From the pinnacles of power by Fortune editor at large Patricia Sellers
Type Size  -  +
August 21, 2009, 3:52 pm

Millard can’t escape MySpace

“You can run, but you can’t hide.”

- Media Link President Wenda Millard, calling this afternoon from the Gulf of Trieste on the Adriatic Sea, to share a few thoughts about her new gig revamping sales and marketing at MySpace.

While News Corp. (NWSA), MySpace’s owner, and strategy firm Media Link, had been discussing some sort of partnership since the start of the year, Millard tells me that her new assignment came unexpectedly during her 10-day vacation. “We want to call you in right now,” MySpace CEO Owen Van Natta told her when he reached her on her cell on Tuesday afternoon, as Millard was eating air-dried proscuitto and drinking local wine on an organic farm in Croatia.

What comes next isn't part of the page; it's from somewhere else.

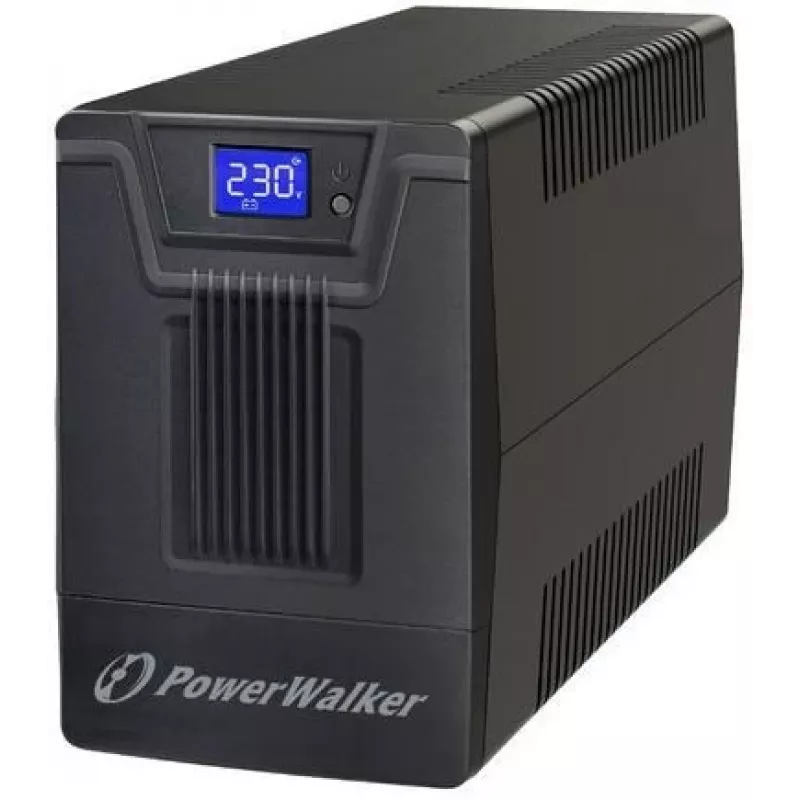 PowerWalker VI 600 SCL FR Line-Interactive 0,6 kVA 360 W 2 AC-lähtöä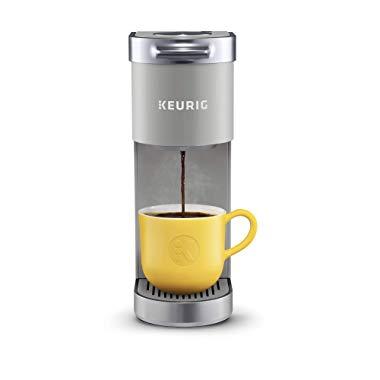 Keurig K-Mini Plus Coffee Maker, Single Serve K-Cup Pod Coffee Brewer, Comes With 6 to 12 oz. Brew Size, K-Cup Pod Storage, and Travel Mug Friendly, Studio Gray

Prompting the MySpace boss’s urgent call to Millard–who was once Yahoo’s (YHOO) ad chief and later co-CEO of Martha Stewart Living Omnimedia (MSO)–was the exit of MySpace sales and marketing boss Jeff Berman. Van Natta, a former Facebook COO who joined MySpace this past spring, is expected by his News Corp. bosses to do whatever it takes to improve the flagging social network’s relationships with the ad community.

This new set-up with Media Link is unusual–a one-year deal that will have Millard staying at Media Link and working on Los Angeles-based MySpace from her own space in New York. (Media Link CEO Michael Kassan, who recruited Millard to Media Link in April, is based in LA.) Millard says she’ll likely assemble a team of six Media Link execs to work on MySpace. On Monday, she’ll hit the ground running, she says, but right now, one more stop on her trip—Venice.

PATTIE signature

Do we really care what Wenda is eating for lunch? What a waste of digital ink.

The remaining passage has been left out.